> [The problem]:
Reproduce the entries that follow exactly. No picture should appear in the result.

-- Opening Marker --

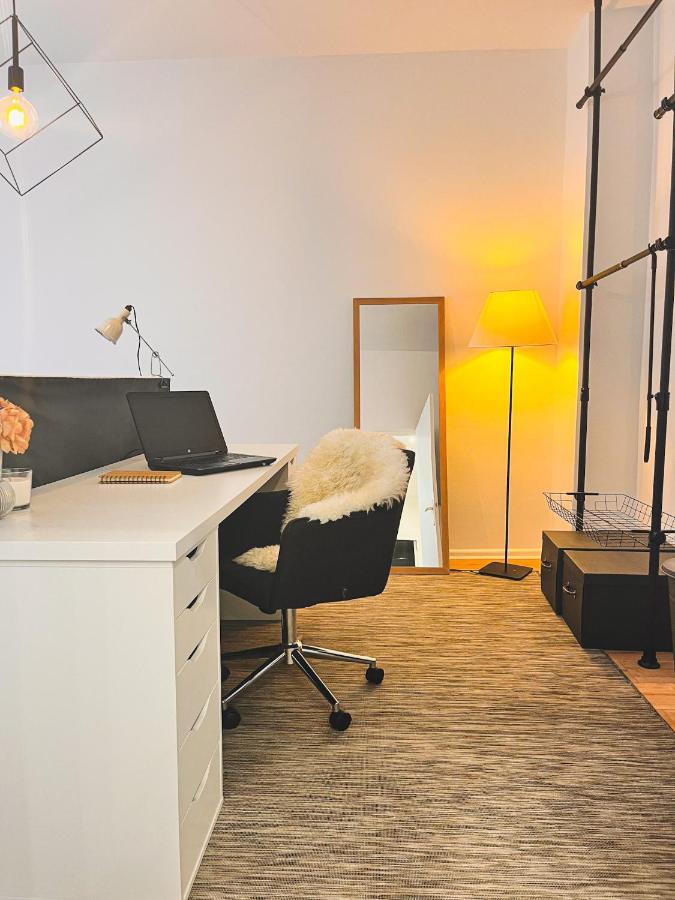 01 Bedroom In Mitte-Up To 5 People-Private Free Parking Berlin Exterior photo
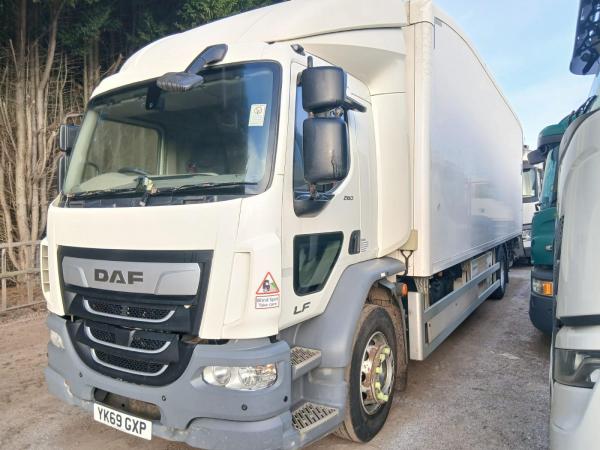 DAF LF.260 FRIDGE TRUCK
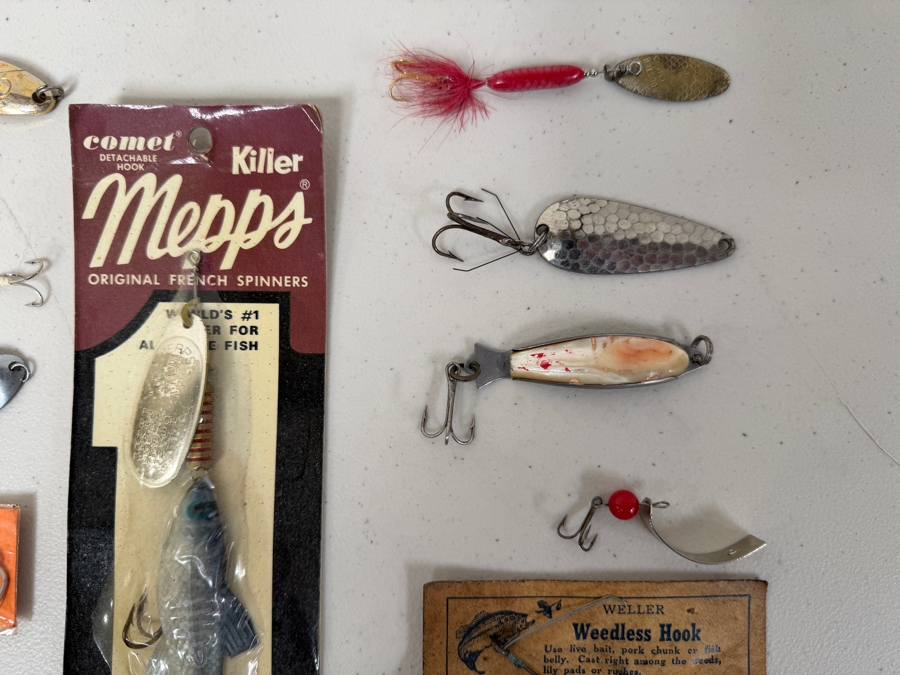 Just Added - Collectible Vintage Fishing Lures - See Photos [Photo 9]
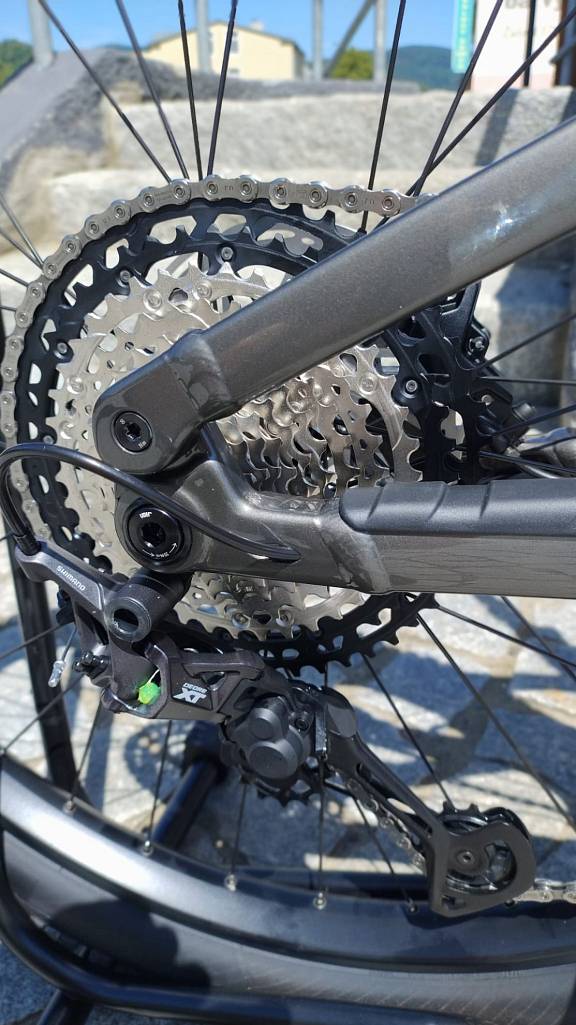 KTM elektrokolo KAPOHO PRO LTD (S) CHROME RED (GREY+BLACK+WHITE)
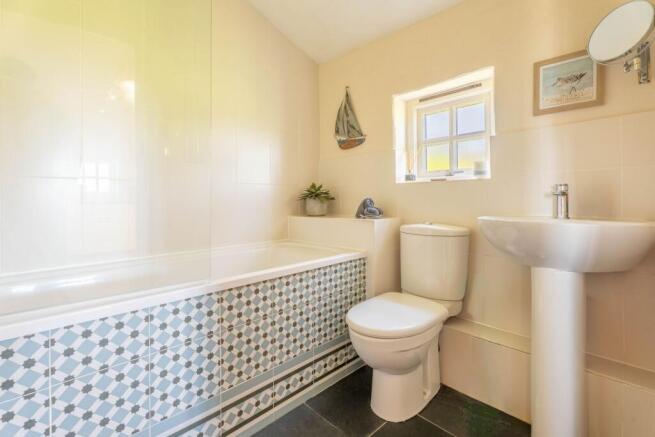 Pencaer Cottage Bathroom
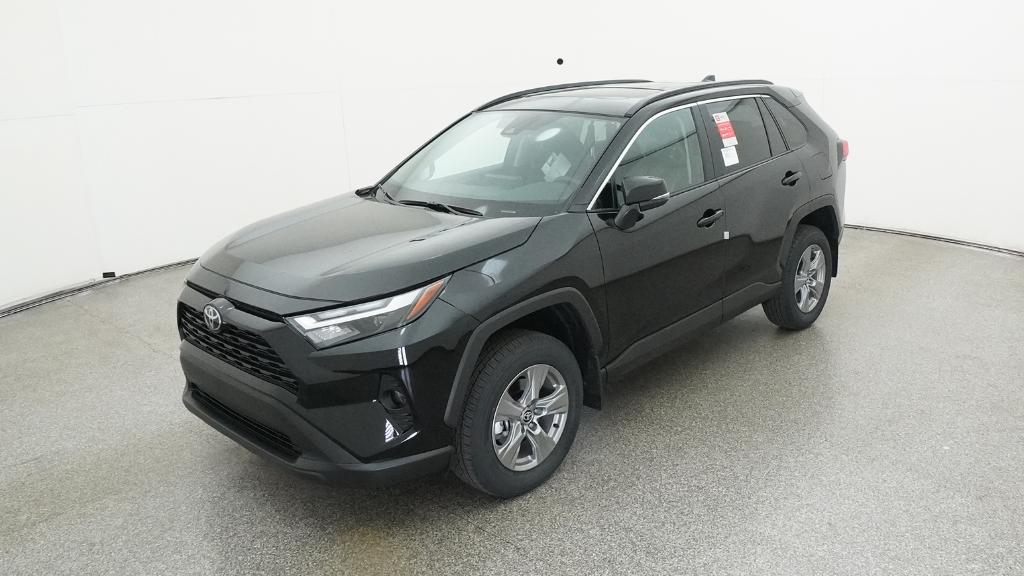 2025 Toyota RAV4 XLE's photo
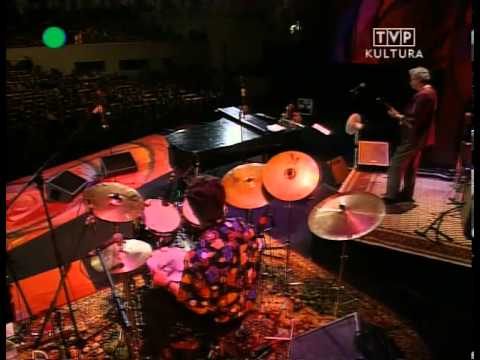 A écouter en préparant Salade de Mâche aux noix et Roquefort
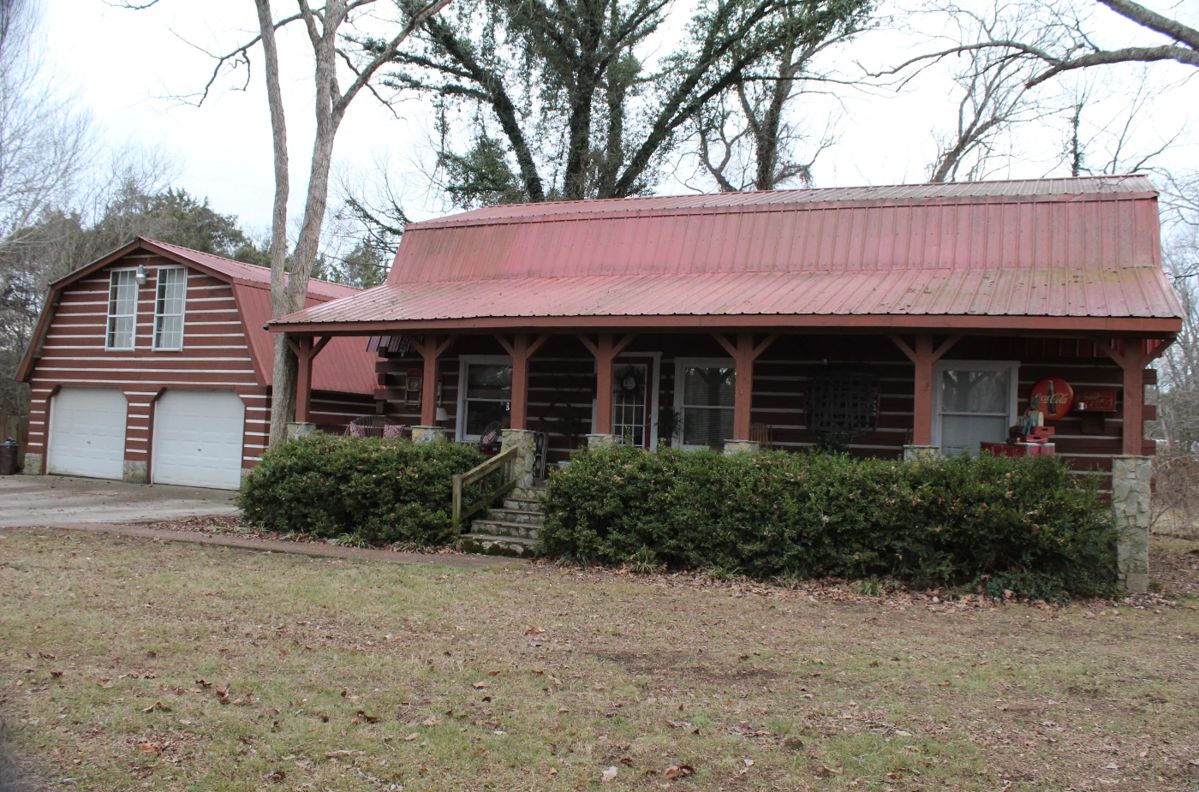 LOG CABIN ANTIQUES MURFREESBORO ESTATE SALE starts on 2/1/2024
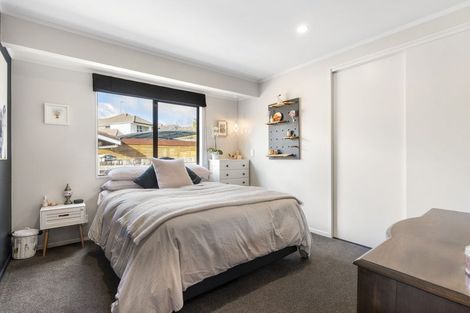 Photo of property in 11 Leicester Parade, Somerville, Auckland, 2014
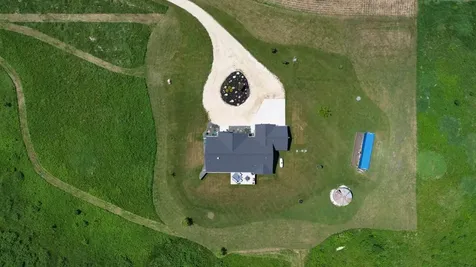 10319 30 Highway SW Hayfield MN 55940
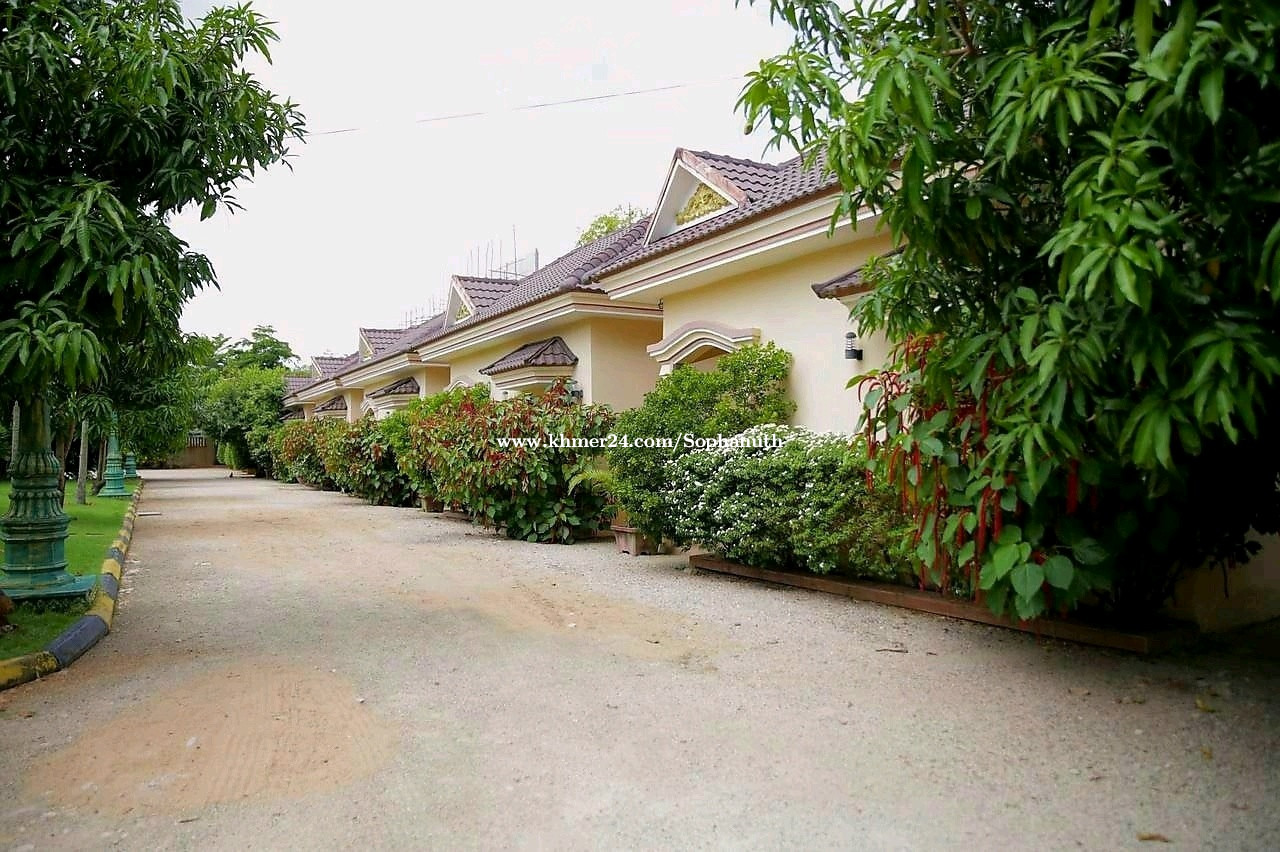 ផ្ទះសំណាក់លក់ (ខេត្តស្វាយរៀង)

-- Closing Marker --

> [Reply]:
 01 Bedroom In Mitte-Up To 5 People-Private Free Parking Berlin Exterior photo
 DAF LF.260 FRIDGE TRUCK
 Just Added - Collectible Vintage Fishing Lures - See Photos [Photo 9]
 KTM elektrokolo KAPOHO PRO LTD (S) CHROME RED (GREY+BLACK+WHITE)
 Pencaer Cottage Bathroom
 2025 Toyota RAV4 XLE's photo
 A écouter en préparant Salade de Mâche aux noix et Roquefort
 LOG CABIN ANTIQUES MURFREESBORO ESTATE SALE starts on 2/1/2024
 Photo of property in 11 Leicester Parade, Somerville, Auckland, 2014
 10319 30 Highway SW Hayfield MN 55940
 ផ្ទះសំណាក់លក់ (ខេត្តស្វាយរៀង)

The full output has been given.